By Seth Emmanuel
Overselling of loans, or over-Indebtedness has been attributed to the country’s poor savings culture – currently capped at just 12 percent.
The Chief executive of Maisha Microfinance Ireneus Gichana in a media briefing yesterday, notes that the country’s financial market is heavily focused on borrowing as opposed to saving – a habit he believes is a time ticking bomb.
“High savings and investment have fueled the economic boom.
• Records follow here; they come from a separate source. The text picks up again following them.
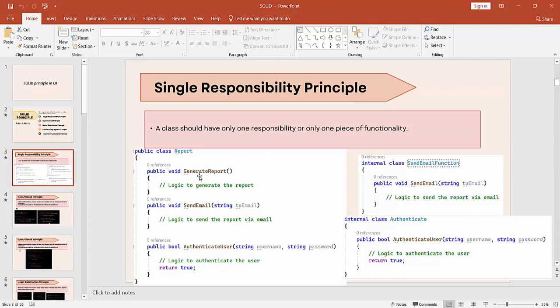This is the Report class. Inside Report, I have created three different methods: GenerateReport, SendEmail, and AuthenticateUsers. By looking at this class, you can observe that I have created three different functionalities which are not related to each other. GenerateReport is fine — it will do all activities related to reporting. But SendEmail and AuthenticateUsers are irrelevant, which means this is violating the Single Responsibility Principle.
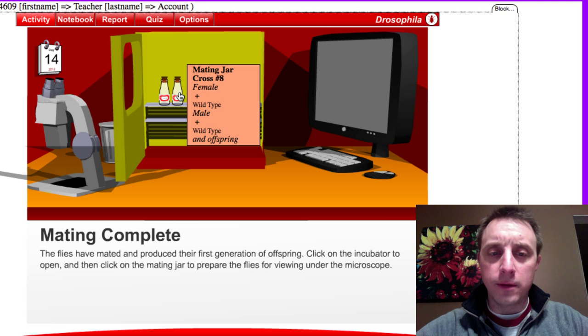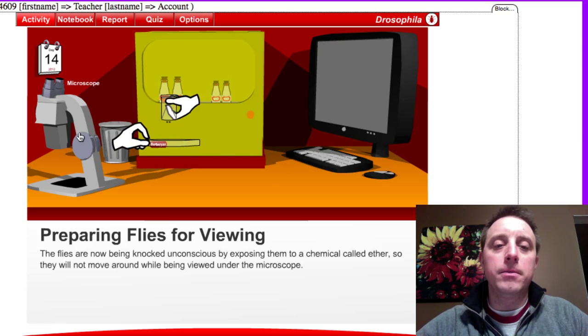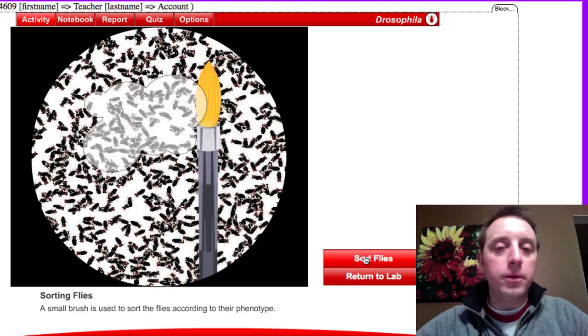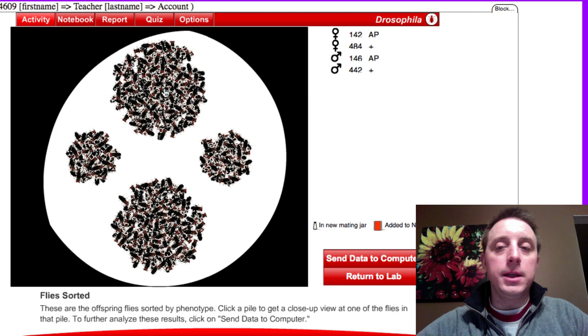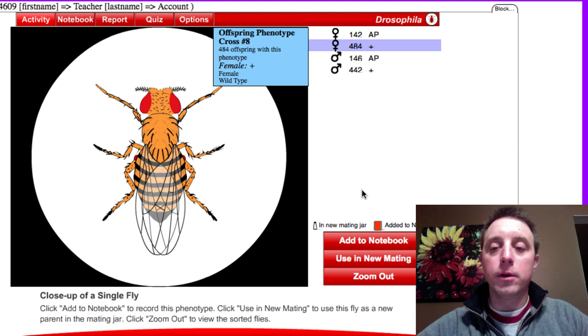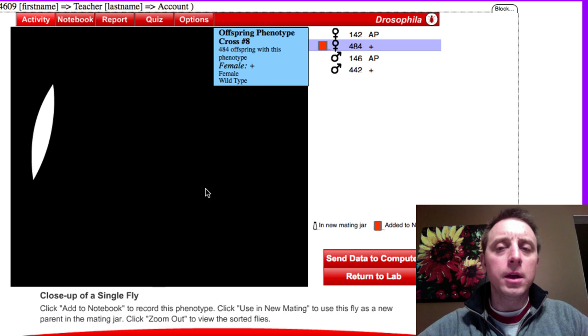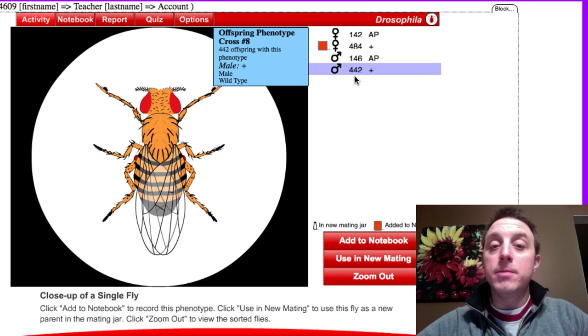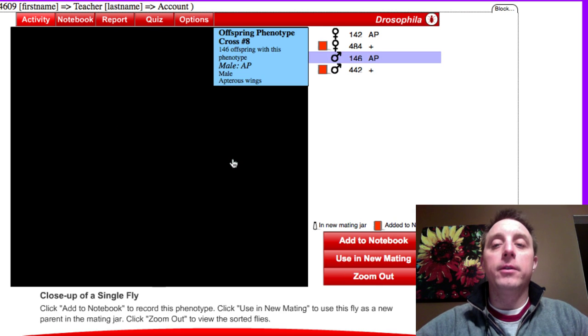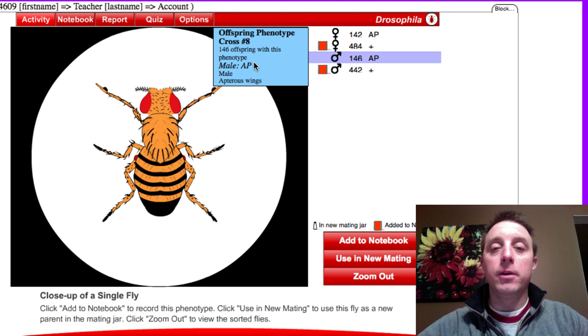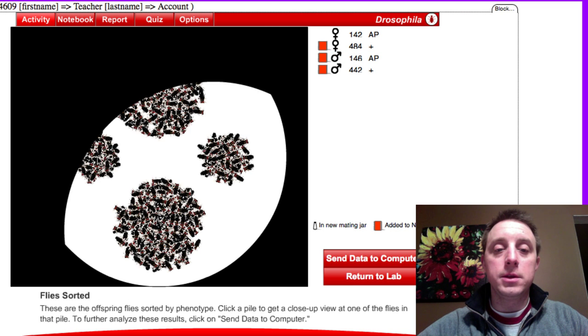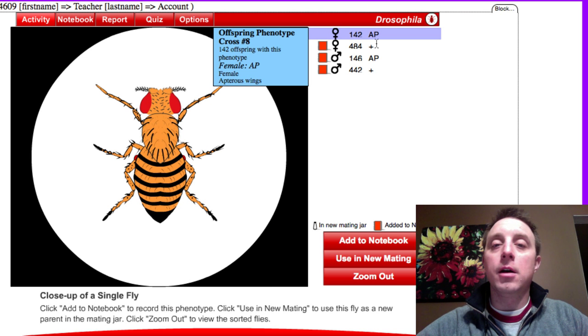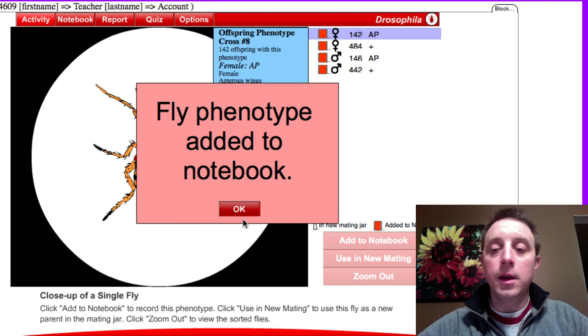They crawl up, form their pupa, they're kind of like the cocoon in a caterpillar. Now we have some adult flies, so let's take a look at them. Take them out, they get anesthetized under the microscope, and we'll see what we get. We'll sort them. Now we have four piles. See, this one is the female wild type, there's 484 of those. Probably add that one to the notebook. Back out. The other big pile is 442 males which are all wild type. We'll add that to the notebook. The two smaller piles, this one here, these are the males, the apteris males, 146 of those, and the other small pile is 142 apteris females. Add to the notebook.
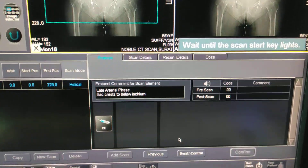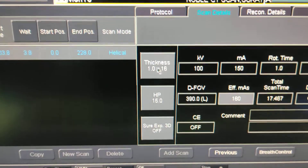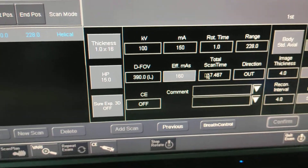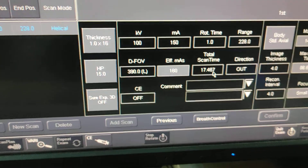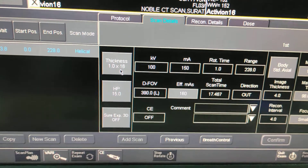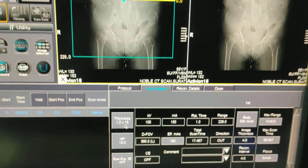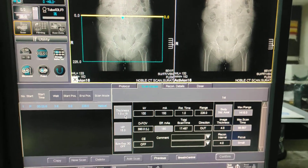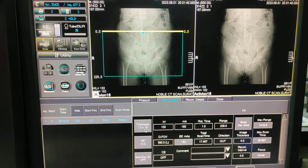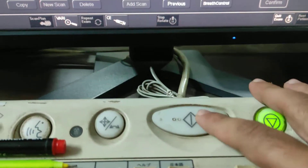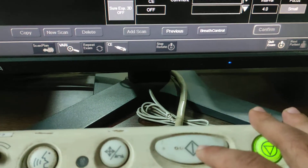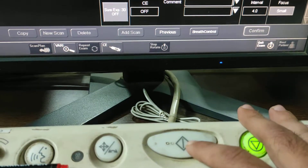Wait until the scan glides. The thickness is 1 mm, kV is 100, FOV is 150 mm, and scan time is 17 seconds. This is a 16-slice scanner, so you have to take all scans in 1 mm. After that, you have to reconstruct for bony windows and 3D images.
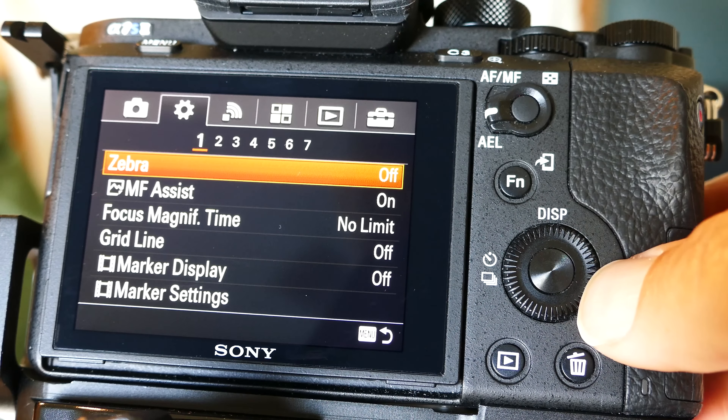I've got my ISO set to go up to 51,200. And I do have creative style on vivid — I do like that look. Of course, some people don't, but that's personal taste.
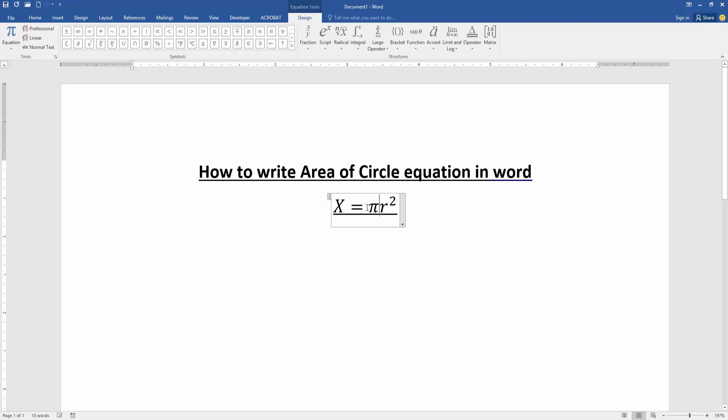You can add extra equation elements to this equation box. Go to the Design menu and add elements like large operations, brackets, fractions, functions, accents, limits, and logarithms.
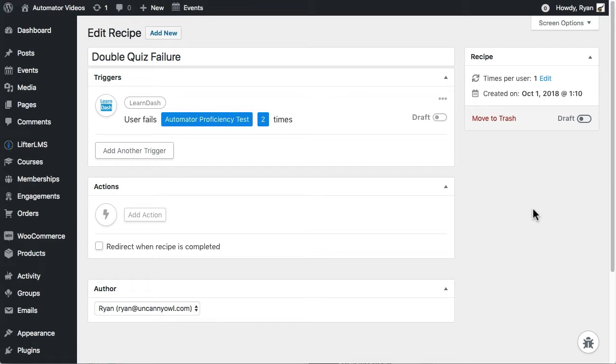Each recipe can have as many actions as you want, and they can be from any different integrations.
China is an extreme case, with more than half of what is produced being saved and then invested,” Gichana said during the launch of a fixed deposits product dubbed M-Fanisi.
Savings ratios improved in Kenya from 5.4 percent in 2019 to 12 percent in 2020 and are projected to trend around there in 2021, compared to savings ratios in China at 45.7 percent, India 31.4 percent, as well as Uganda and Tanzania Savings rates which have already crossed the 20 percent mark.
“This is why we have launched M-Fanisi, a mobile-based fixed deposits savings product with the highest return in the market at 11.25 percent per annum compared to the current 6 to 8 percent per annum ordered by the Bank’s contemporaries. With M-Fanisi Kenyans can open a fixed deposit account with as little as Sh500 from the convenience of their phones,” he said.
The move comes even as fixed bank deposits held by Kenyans hit a historic high as CBK data shows fixed deposit accounts gained Sh64.8 billion in the quarter ending June, translating to an increase of about Sh720 million every day in the period.
Figures by the Central Bank of Kenya (CBK) Financial Sector Stability Report 2020 indicates that total deposits in the microfinance banks increased by 12.3 percent from Sh43.9 billion as of December 2019 to Sh49.3 billion in December 2020.
The growth was supported by the aggressive use of digital platforms to mobilize deposits.